Exercise:
Starting at the line that holds "When we look at OCT", restate every line word for word up to and including the last one in the listing below, and omit all pictures.

Supplied data:
[Start of Attachment]
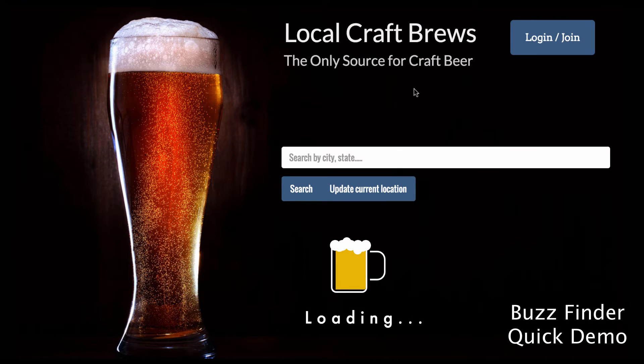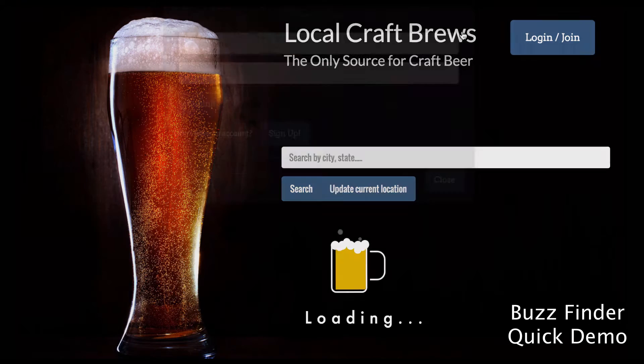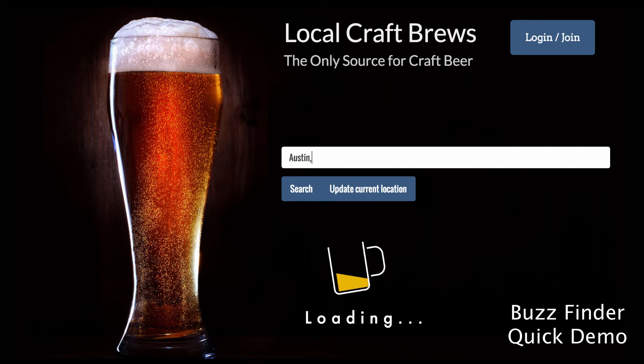Hello, this is an app for users to search for local breweries and beer. They can log in, join, and search by using their current location or search by city and state.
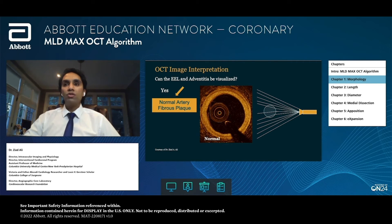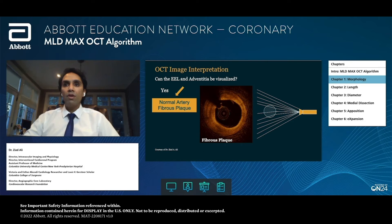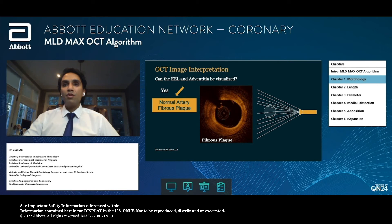When we look at OCT image interpretation, in normal artery or fibrous plaque there is little or almost no refraction, which is why we're able to identify all of these layers with incredible accuracy and clarity. Similarly, when we look at fibrous plaque, we're able to see the media, the mesh, and the rope all the way around the artery. Despite the fact that there's clearly intimal thickening, this is fibrous plaque and an excellent place to land our stent — there's very little signal attenuation in this image.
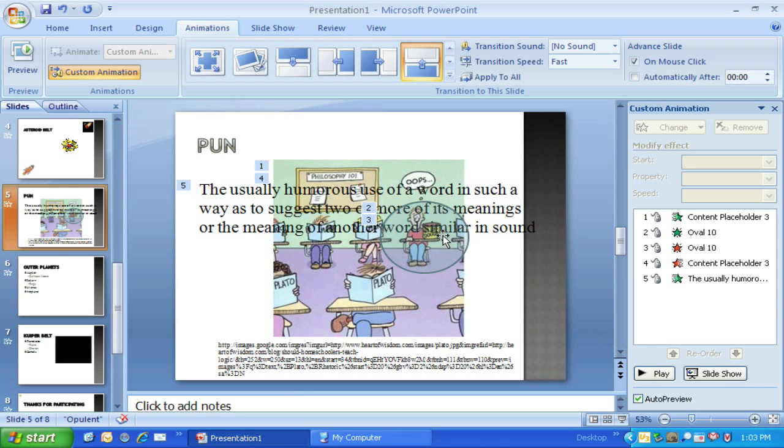Thank you for coming in and joining us with UEN Video Tutorials. This has been Microsoft PowerPoint Advanced Animation Techniques.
[End of Attachment]
Problem solution:
When we look at OCT image interpretation, in normal artery or fibrous plaque there is little or almost no refraction, which is why we're able to identify all of these layers with incredible accuracy and clarity. Similarly, when we look at fibrous plaque, we're able to see the media, the mesh, and the rope all the way around the artery. Despite the fact that there's clearly intimal thickening, this is fibrous plaque and an excellent place to land our stent — there's very little signal attenuation in this image.
Thank you for coming in and joining us with UEN Video Tutorials. This has been Microsoft PowerPoint Advanced Animation Techniques.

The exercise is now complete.